Lake Nakuru has a surface area of 24 square miles (62 km2), which takes up one-third of the national park of the same name that was created in 1968. It shelters nearly 370 bird species, including the lesser flamingo (Phoeniconaias minor) and the greater flamingo (Phoenicopterus ruber), of which 1.4 million have been counted on the site. Like the other alkaline lakes scattered along the Rift Valley, its location on a rocky volcanic substrate, weak flow, intense evaporation, and average depth of 40 inches (1 m) give it a high soda content. These briny waters are favorable to the formation of blue-green algae, microorganisms, and small crustaceans, which provided the basic diet of flamingos. However, chemical products used in river farming and the water runoff from the nearby city of Nakuru have gradually polluted the lake waters.

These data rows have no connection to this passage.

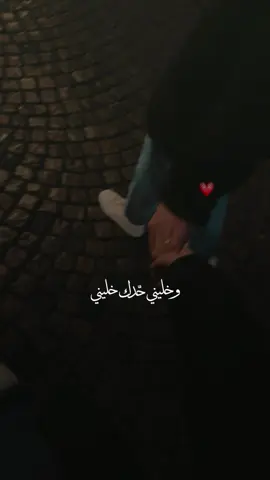 #CapCut #فاضل_شاكر❤ #خليني-حدك-خليني#CapCut #بشتقلك #اغاني #اغاني_عربيه #حبيبي❤️ 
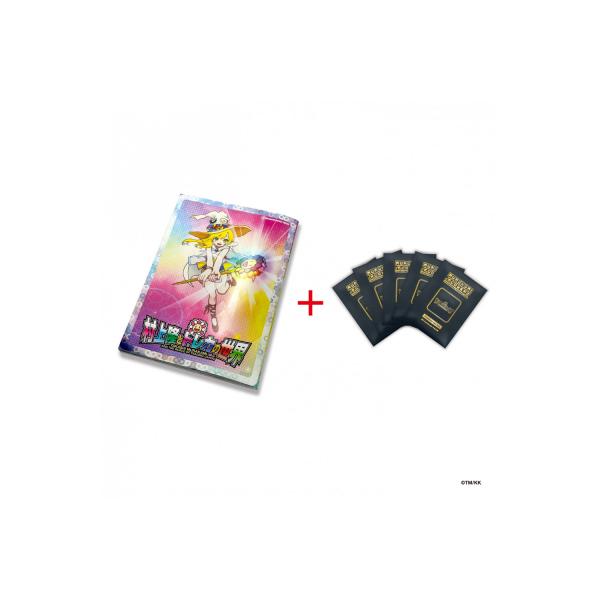 ふるさと納税 京都市 【ふるさと納税限定・パック増量】「村上隆と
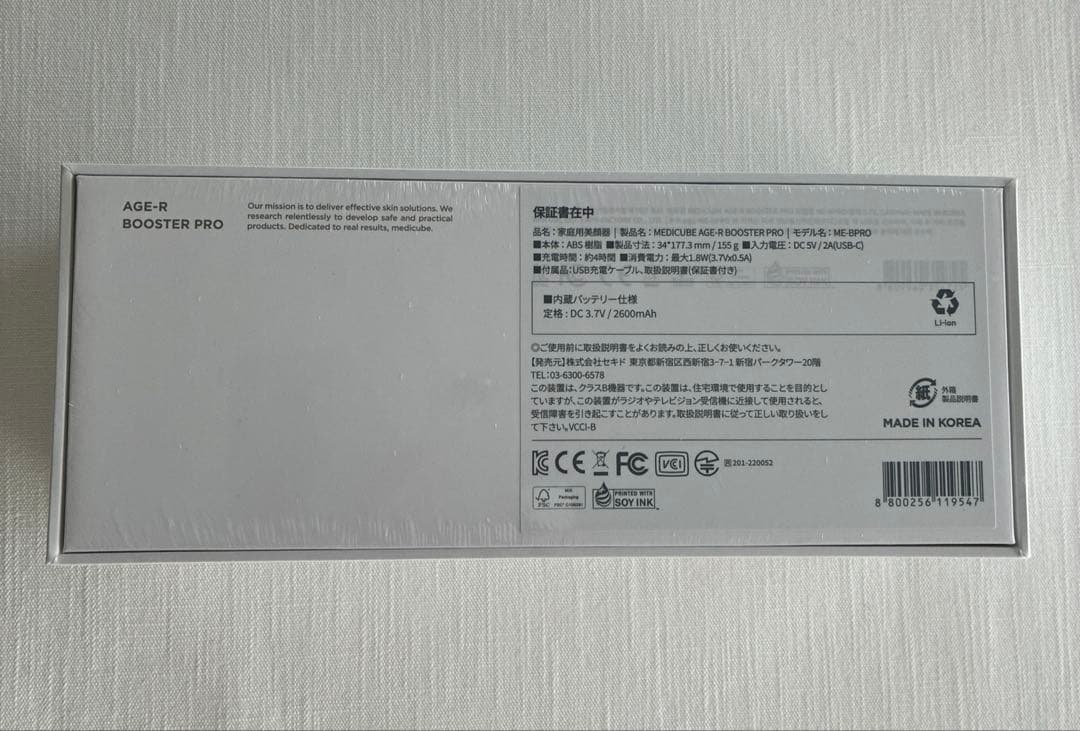 【未開封】MEDICUBE AGE-R BOOSTER PRO ・ME-BPRO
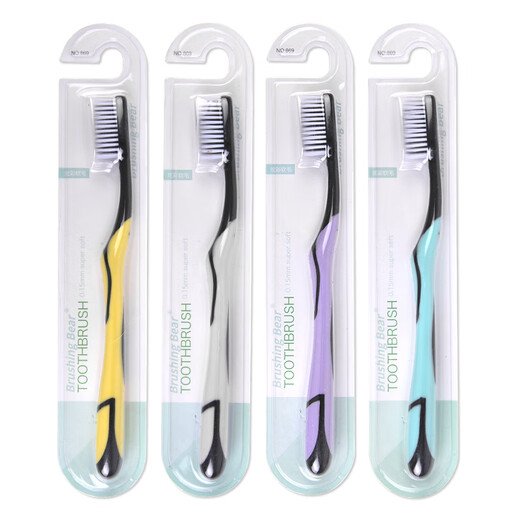 BRUSHING BEAR Sam's same toothbrush soft bristle high density bamboo charcoal brush silk gum protection adult home home packaging 10 independent packaging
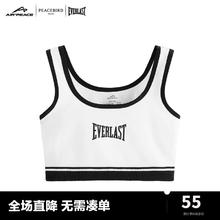 太平鸟女装 太平鸟 男装 EVERLAST联名冬新款撞色背心BYDDC4A27 白色（修身） M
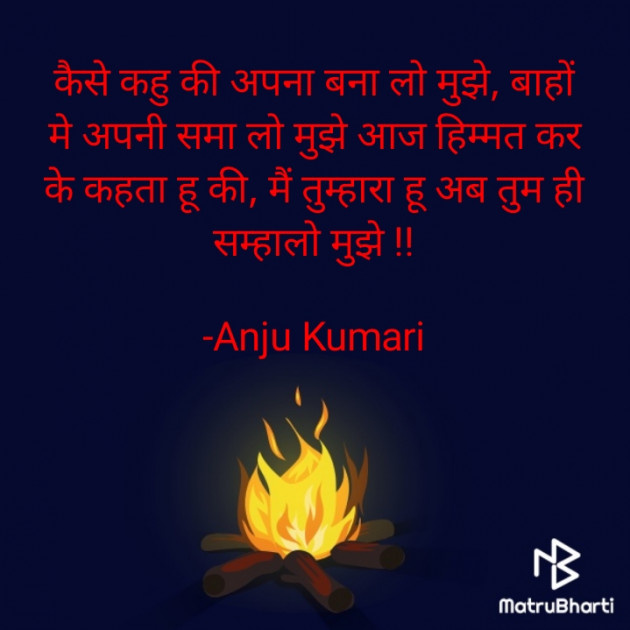 Hindi Shayri by Anju Kumari : 111922669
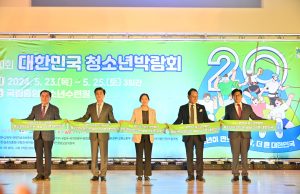 충남 ‘제20회 대한민국 청소년 박람회’ 개막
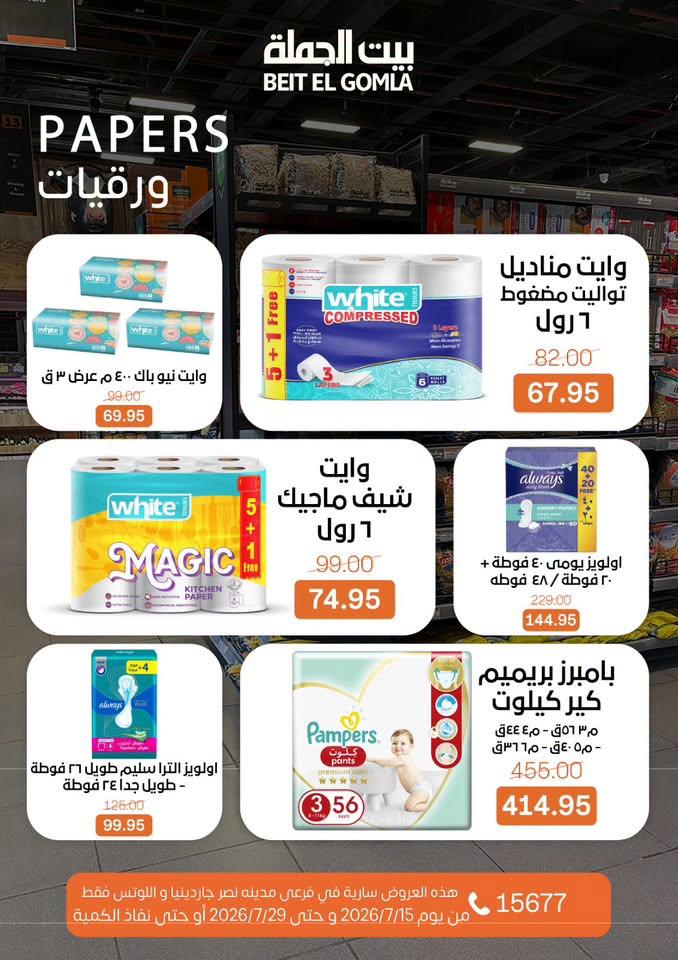 عروض بيت الجملة صفحة 30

Since 1990 Lake Nakuru has been considered a wetland of international importance.

Drying dates in a palm grove south of Cairo, Nile Valley, Egypt


Date palm trees are grown only in hot, arid areas with water resources, such as oases. Five million tons of dates are produced each year worldwide. Most of the production from the Near East and North Africa is intended for each country’s domestic market and only about 5 percent is exported. Egypt, the world’s second-leading producer, after Iran, harvests more than 800,000 tons of dates each year, which are consumed locally at a rate of 22 pounds (10 kg) per person per year. These dates are habitually preserved in traditional ways. Fresh-picked, yellow or red depending on the variety, the dates slowly turn brown as they dry in the sun, protected from the wind and water by a small wall of earth and branches. They are then kept in baskets woven from palms. Although most of the dates produced go on the table, several derivatives (including syrup, flour, dough, vinegar, sugar, alcohol, and pastries) are made from the fruit manually or industrially.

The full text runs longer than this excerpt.